1. Petraeus’ sexual liaison with Broadwell demonstrates a fundamental character flaw that should have been uncovered years ago: a lack of honor, demonstrated by his voiding of his marriage vows.
2. If the “nookie calls” began while he was still in military service–as yet not actually determined–it was a criminal offense under the UMCJ.
3. Regardless, his actions while serving in a sensitive security post were malfeasance in office. Any patzer in the security field is aware of the dangers of a “honeypot” and Petraeus was no patzer. “Unprofessional”? No, incompetent, and possibly criminally so.
If he can repair his relationship with his family, it will only be due to his family’s generosity, because nothing he can do would earn forgiveness.
BTW, for those slamming Holly Petraeus: grow up. My wife’s [an indeterminate age, but one almost indistinguishable from Holly Petraeus’ age *cough*]. She doesn’t look like she did in her 20s. Doesn’t matter. And, frankly, that sort of thing doesn’t really matter to any real man. Age happens. Grow up and deal with it.
But that leads to a more fundamental issue: the steady, inexorable destruction of honor and decency in our society, of which the general acceptance of infidelity and divorce are but one example. One hears the mantra, “50% of marriages end in divorce” all the time as though that were some sort of excuse for a false oath, a dishonorable statement of commitment. It’s also a lie, using a partial truth. Think: how many people do you know who have been divorced? How many of those have been divorced more than once? Besides, the 50% number is a chimera. The best surveys on the issue are all over the map, coming up with figures between 11% and 34% of marriages that HAVE ended in divorce.
But the meme is there and used constantly as an excuse for people being unfaithful… and as a way to lower expectations, erode commitment. But it’s just one of many excuses the termites of society put forth to excuse unfaithfulness. Go ahead. Pause a moment and come up with your own list of excuses for a married person having an “affair” or pursuing a divorce.
Now, I’m not asserting there are not legitimate grounds for divorce–there are (physical abuse, unfaithfulness*, desertion just about complete the list**). But there are NO excuses for being unfaithful to one’s wedding vows, one’s spouse that I will ever accept. Period.
*BTW, listing “unfaithfulness” as separate from physical abuse and desertion shows just how far our depravity has come. Both physical abuse and desertion ARE infidelity to one’s marriage vows and do not stand alone as individual legitimate reasons for divorce. They are just as much “unfaithfulness” as eschewing chastity. For the less literate reader who might stuble across this post, not any regular reader, “chastity” is simply the behavior of NOT engaging in any illicit sexual behavior. In a chaste marriage both partners can enjoy each other sexually. It’s ALL OTHER sexual liaisons they forsake. Chasity gets a bum rap in our society both from illiterate boobs and from salacious, licentious libertines. (That I had to state “physical abuse” is another: “mental cruelty” is just some waffle-worded weasel term providing a devolutionary step to “incompatible” as an illegitimately legitimized excuse for divorce.)

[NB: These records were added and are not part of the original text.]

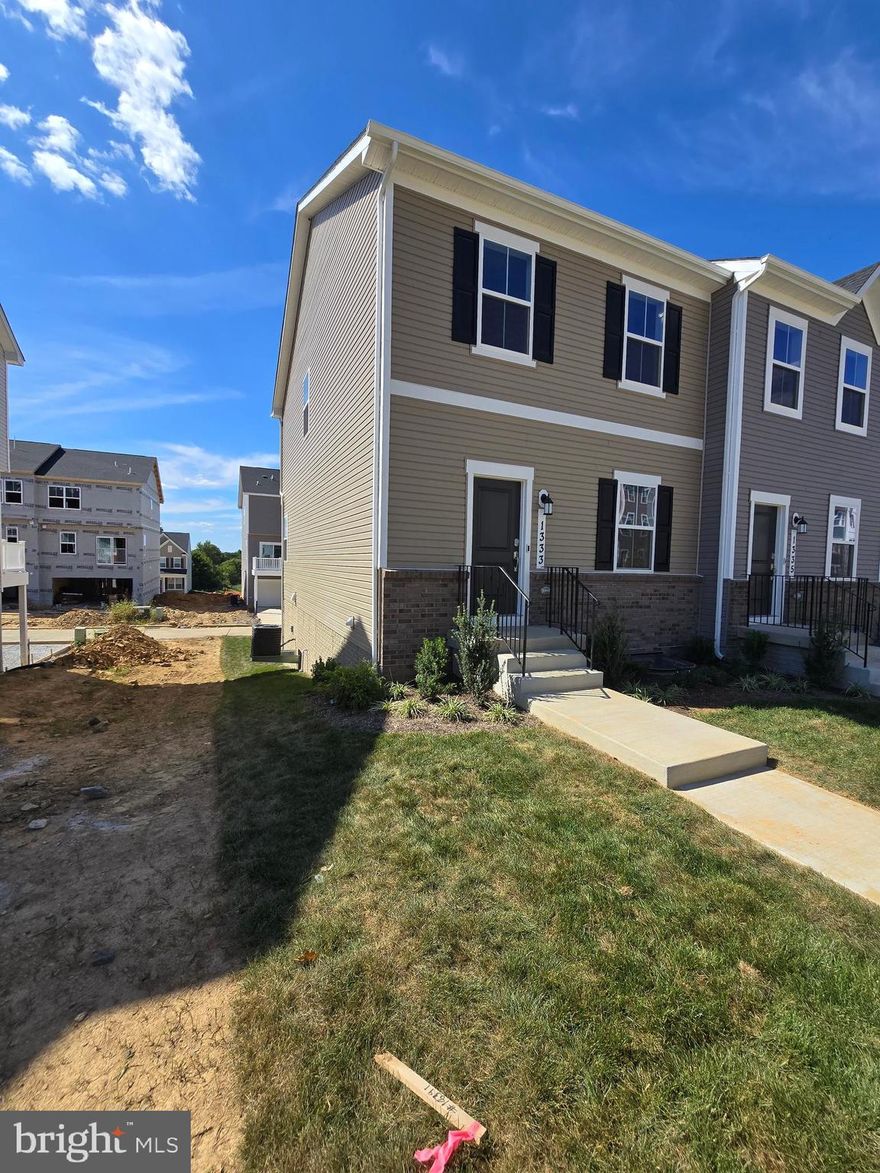 🏡 End Unit • ✨ Move-In Ready • 🆕 New Construction • 📍 Prime Location!

Welcome to this stunning 3-level townhome in the sought-after Red Clover Meadows community in Ranson, WV. This home includes an extra 2-ft bump out in the primary bedroom, making it the largest Lancaster model in the community!

✨ Home Highlights:

🛏️ 3 Bedrooms | 🛁 2 Full Baths | 🚻 2 Half Baths | 🚗 2-Car Rear-Load Garage

🍽️ Gourmet kitchen with granite countertops, center island & hardwood floors

🛋️ Open-concept main level – perfect for modern living & entertaining

🌅 East-facing deck with sunrise views overlooking green space & Appalachian foothills

🛏️ Primary suite with walk-in closet & private tiled shower bath

🎮 Finished entry-level rec room with half bath for extra living space

🪟 Blinds, washer, and dryer included

🔒 Smart Home Features:

🔑 Keyless smart lock

📹 Ring video doorbell

📍 Fantastic Location:

🚶 Walk to Home Depot, grocery stores & restaurants

🚗 10 mins to Loudoun County | 25 mins to Leesburg | 55 mins to Sterling/Herndon/Reston

📌 Additional Details:


🐾 Pets considered (case by case)

📝 Min 12-month lease | Application via Zillow/Rentspree

💳 Requirements: 650+ credit score | 2.5x monthly rent income

💡 Tenant Pays: Lawn care, electricity, cable/internet, water/sewer, trash
💡 Landlord Pays: HOA dues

**Yes, that’s the list, complete and without exception or addition. Period. Look, my Wonder Woman and I love each other, but that love is at least as much a matter of decision and commitment as it is “feeling”. Sometimes, we don’t much like each other, have arguments, etc. There are things she does that irritate me. There are fewer things I do that irritate her than there probably should be, but only because she’s a better, nicer person than I am. No, seriously. But NONE of the negatives are even remotely grounds for divorce. Period. They are reasons to work at marriage.
She and I are approaching another wedding anniversary. I can only hope for the opportunity to work for another and another and another until we part in death.
(*heh* Kind of funny thing: we married at a time that was on a crest of the wave of writing one’s own vows. We wrote ours, including the standards but expanding on them. Mine promised in part to “struggle with” her for marriage, to fight to make things work–though not in those words exactly. *shrugs* I’ve kept that part for sure.)